That difficulty in maintaining and growing the core values that make up a culture has been evident the last few weeks in the NBA. The culture in Phoenix was ugly: a 1970’s work environment might be one way, a kind way, of describing it. In Boston, it was the head coach rather than the owner who was accused of failing to adhere the organization’s values. And in Golden State, the incident between Draymond Green and Jordan Poole, then the leak of the ugly video showed that even in the best of cultures, things can and do go wrong.
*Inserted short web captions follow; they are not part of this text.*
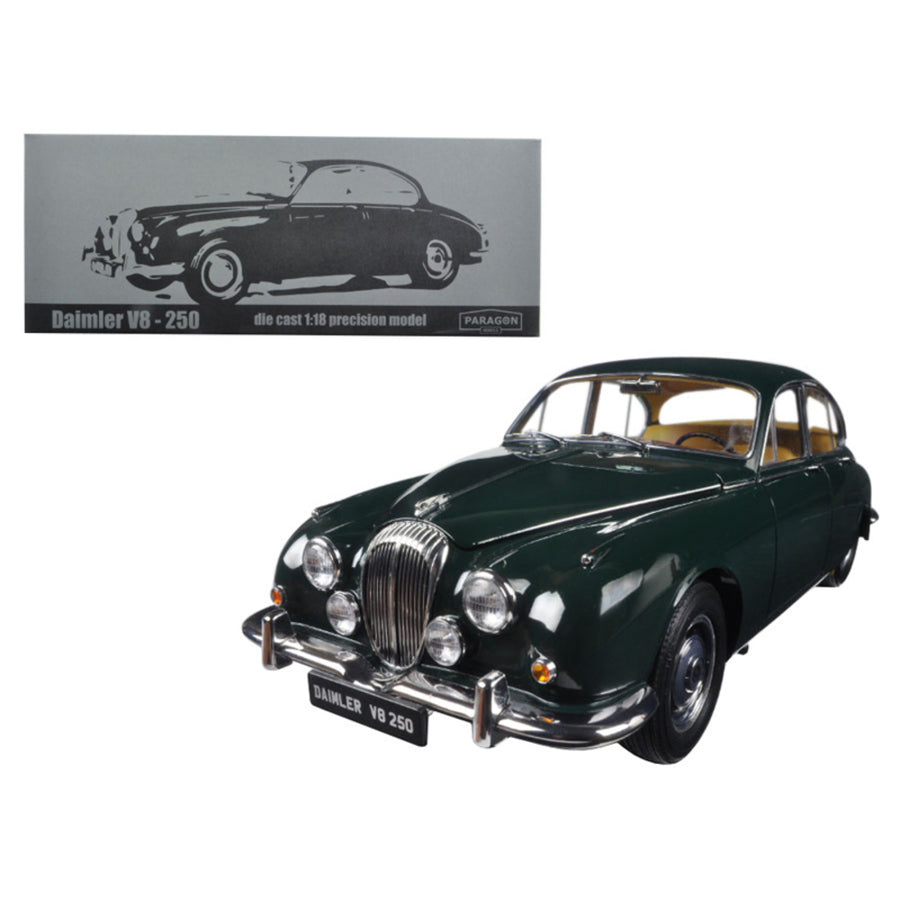 1967 Daimler V8-250 British Racing Green Left Hand Drive 1/18 Diecast Model Car By Paragon 98314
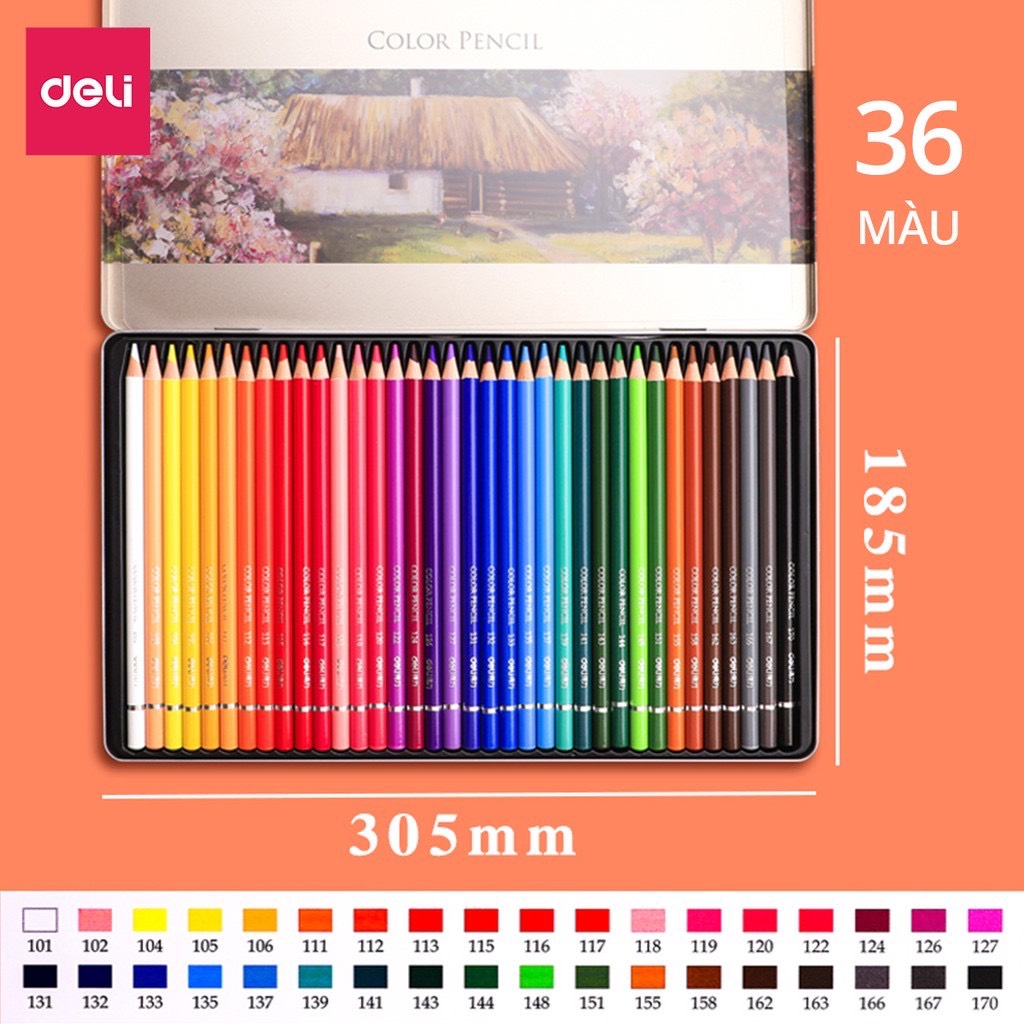 Chì màu Deili cao cấp Hộp Thiếc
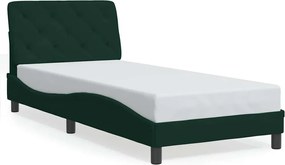 vidaXL Cadru de pat fără saltea, verde închis, 90x190 cm, catifea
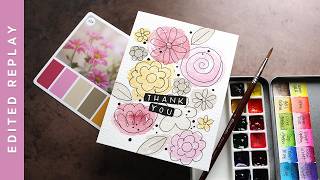 EDITED LIVE REPLAY - Fun &amp; Easy Watercolor Card (Minimal Supplies!)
The Nets, whose culture was questioned and yes, ridiculed, over the summer, has not faced issues anywhere near what teams in Phoenix, Boston and Golden State are dealing with. Holdouts, testy contract negotiations and trade requests, even ultimatums, don’t rise to the level of toxic workplace environment, sexual harassment or violence ... and apparent disloyalty.
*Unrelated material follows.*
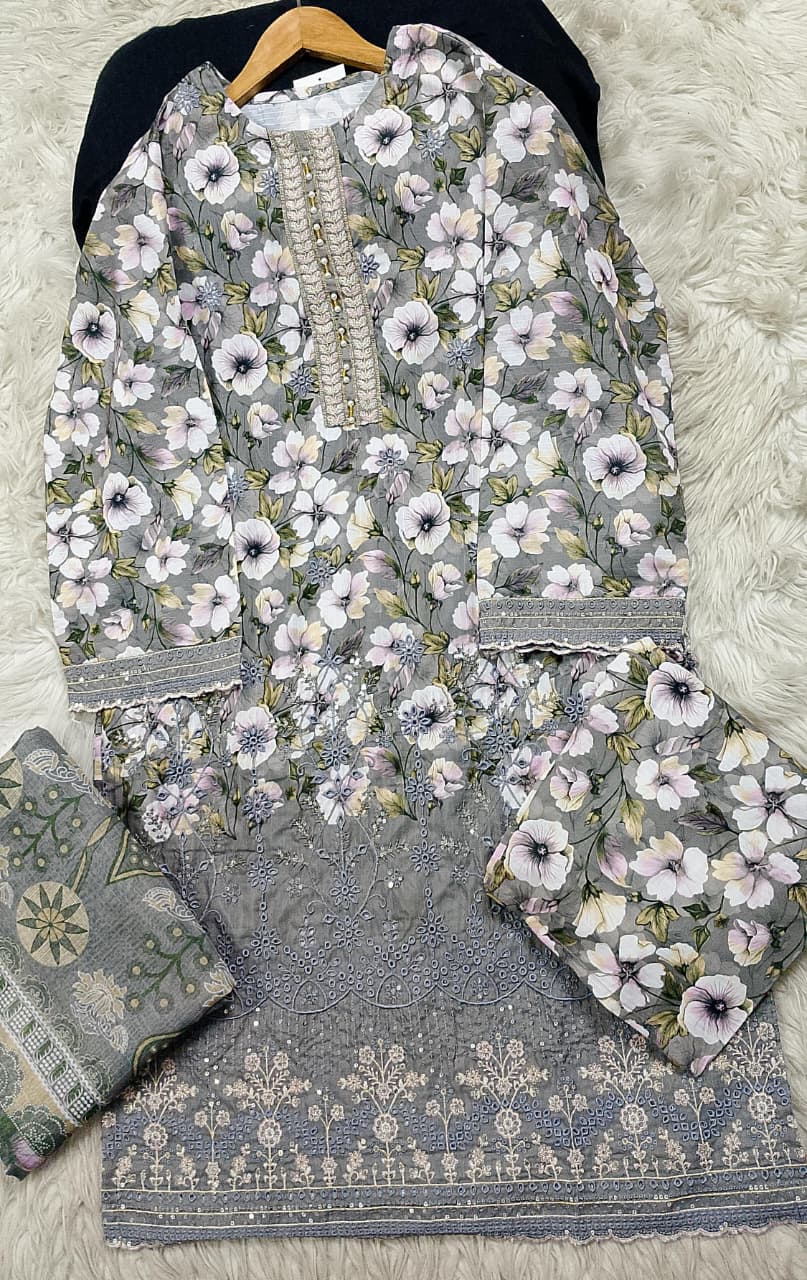 3 PIECE - EMBROIDERED LAWN SUIT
Still, as both Brian Lewis in the Post and John Hollinger on The Athletic write this weekend, the Nets culture took hit after hit last season, then again in the off-season. It may look like Kumbaya right now, but everyone understands there’s a need to rebuild things ... and with it an understanding without that, don’t expect much better results.
“Did we take a step back? Without a doubt. The culture isn’t what it quite was. It’s going to be our job to pick that up,” said Sean Marks in his and Steve Nash’s end of the season press conference in May. As Hollinger notes in his Nets season preview, that was before the off-season!
Hollinger does a good job of laying out how last season’s individualism, for the want of a better word, was a culmination of years of cultural deterioration, at the center of which was a willingness to give in to superstars.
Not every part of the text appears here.